◆ **What is needed**: Your answer must be the lines from the one containing "The Corel Guide is" through the last line of the records below, copied exactly, with the pictures left out.
****
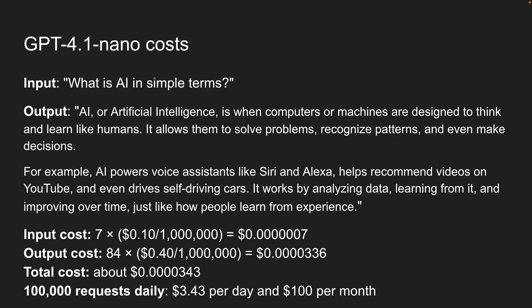But here's the thing. In production, when you're making thousands of requests per day, these costs add up fast. If you're making 100,000 requests daily with similar token counts, you're looking at $3.43 per day. That's around $100 per month. And this is for a relatively simple use case.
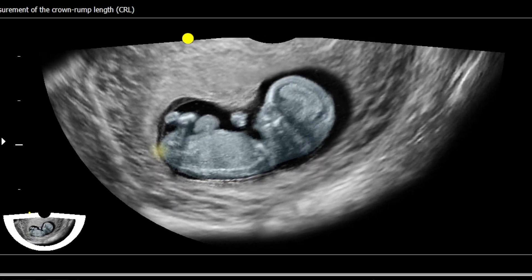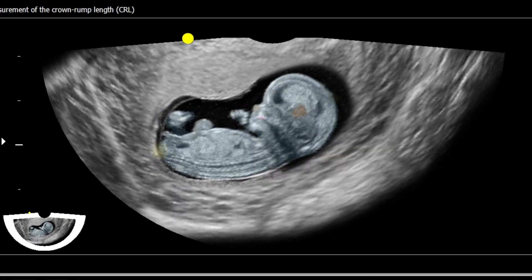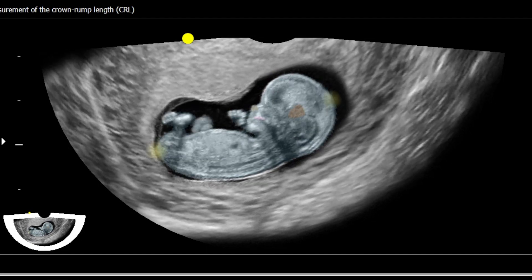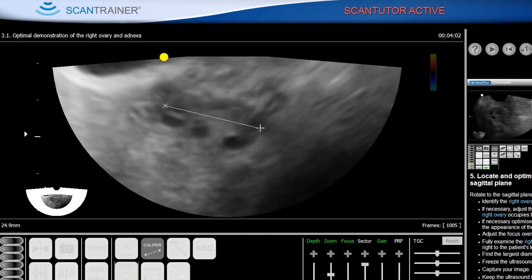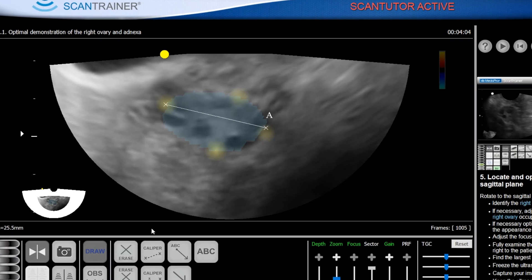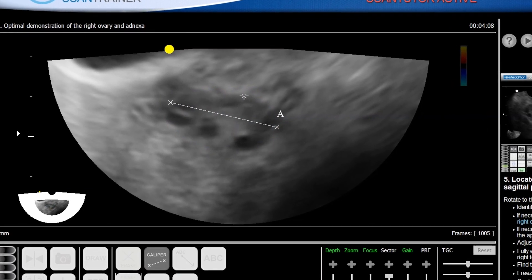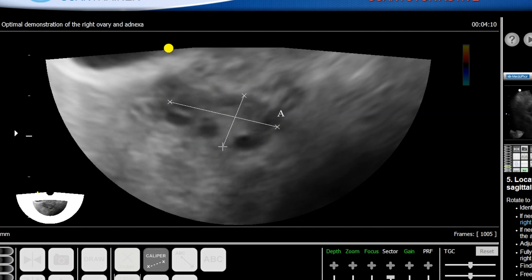ScanTutor guides trainees through tasks by highlighting the structures required for views. On-screen spheres indicate correct positioning of calipers when measurements are being attempted.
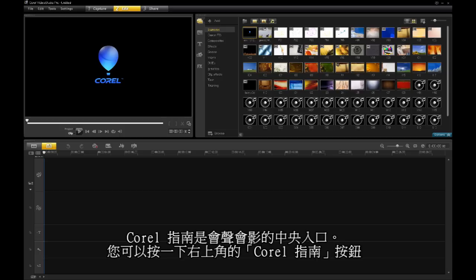The Corel Guide is a central portal to VideoStudio. The Corel Guide can be opened by clicking on the top right Corel Guide button.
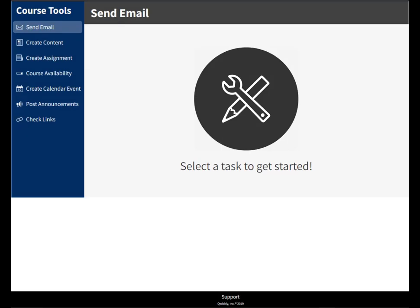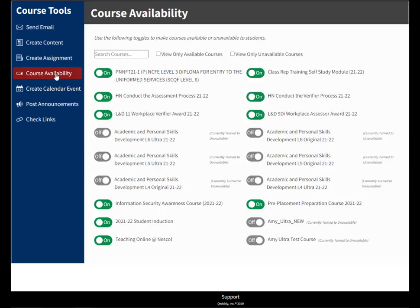Hi guys, it's Amy here and today we're looking at the Quickly Course Tool. We're going to quickly look at course availability, which is a nice easy one. All it does is it allows you to toggle a course to be available to students or unavailable to students.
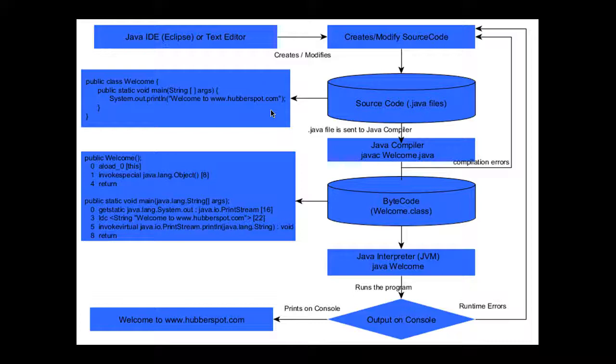These editors and Java IDEs help us create, modify, and save our Java classes. Whenever we write any Java source code, we write it in these IDEs or text editors, and after writing the source code, we save the file with .java extension.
****
◆ **Answer section**:
The Corel Guide is a central portal to VideoStudio. The Corel Guide can be opened by clicking on the top right Corel Guide button.
Hi guys, it's Amy here and today we're looking at the Quickly Course Tool. We're going to quickly look at course availability, which is a nice easy one. All it does is it allows you to toggle a course to be available to students or unavailable to students.
These editors and Java IDEs help us create, modify, and save our Java classes. Whenever we write any Java source code, we write it in these IDEs or text editors, and after writing the source code, we save the file with .java extension.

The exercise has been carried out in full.